What is needed: Reproduce nothing beyond the line containing "7 Essential Tips". From the first line of the data below down to it, copy each line exactly, without the pictures.
-- Opening Marker --
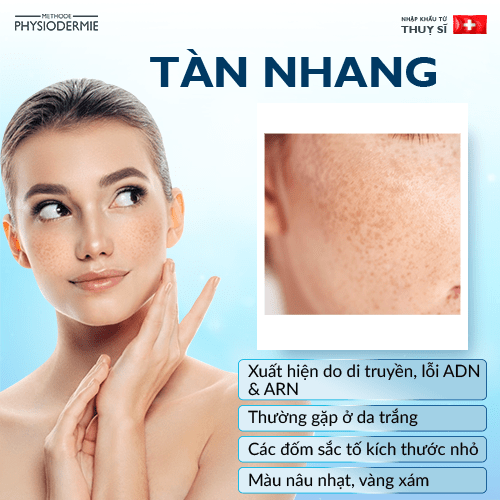 Các loại tăng sắc tố da lành tính vùng mặt 4 Tàn nhang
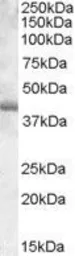 Anti-PU.1 antibody, Internal used in Western Blot (WB). GTX88620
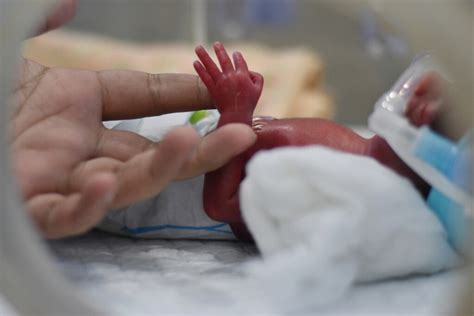 7 Essential Tips for Caring for Your Micro Preemie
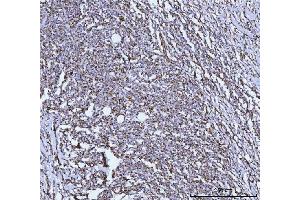 IHC analysis of GLUD1/2 using anti-GLUD1/2 antibody (ABIN7602000). (GLUD1 / GLUD2 (AA 54-553) anticorps)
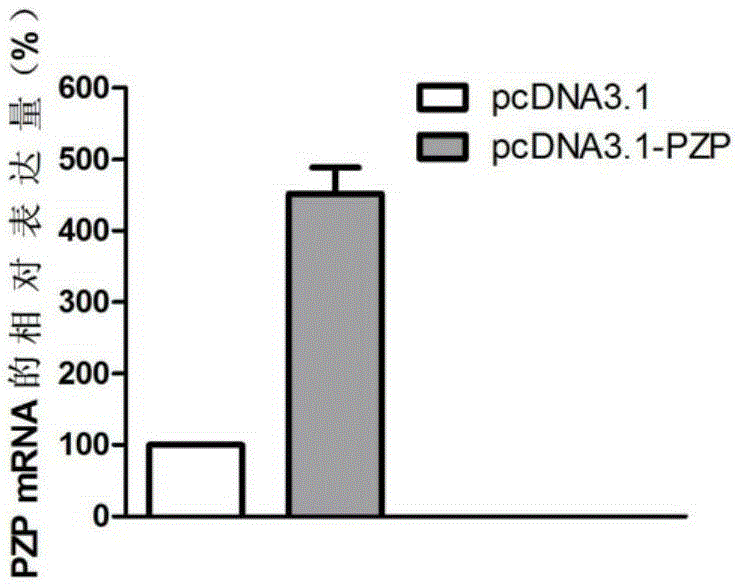 Application of PZP gene in diagnosis and treatment of biliary duct cancer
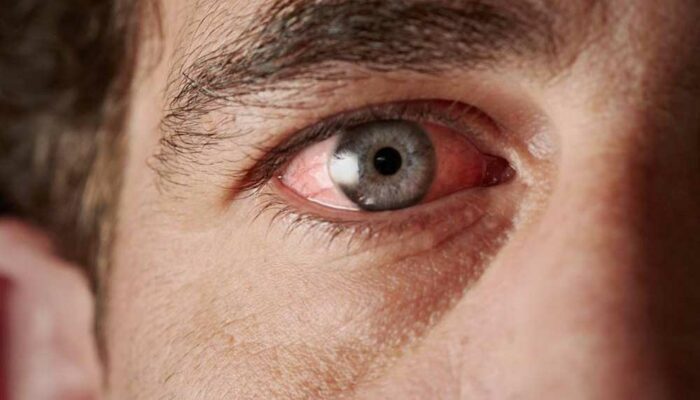 Common Causes of Blood Vessel Burst in the Eye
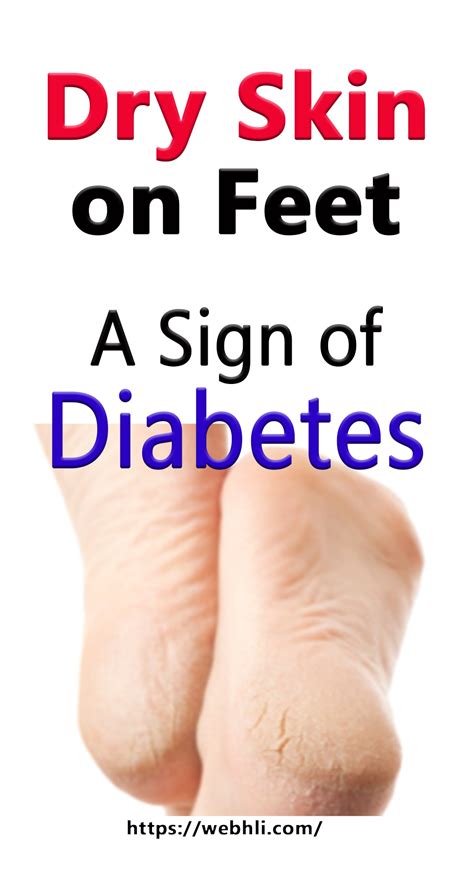 Dry Skin On Feet A Sign Of Diabetes Healthy Lifestyle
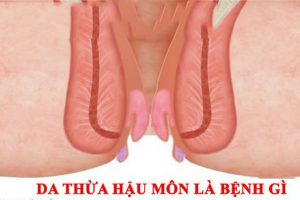 Bệnh trĩ dẫn đến việc hậu môn có cục thịt dư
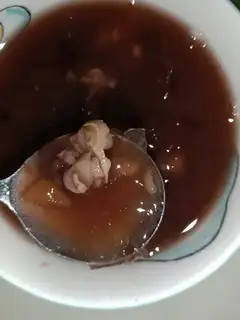 The pulmonary soup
-- Closing Marker --
Task answer:
 Các loại tăng sắc tố da lành tính vùng mặt 4 Tàn nhang
 Anti-PU.1 antibody, Internal used in Western Blot (WB). GTX88620
 7 Essential Tips for Caring for Your Micro Preemie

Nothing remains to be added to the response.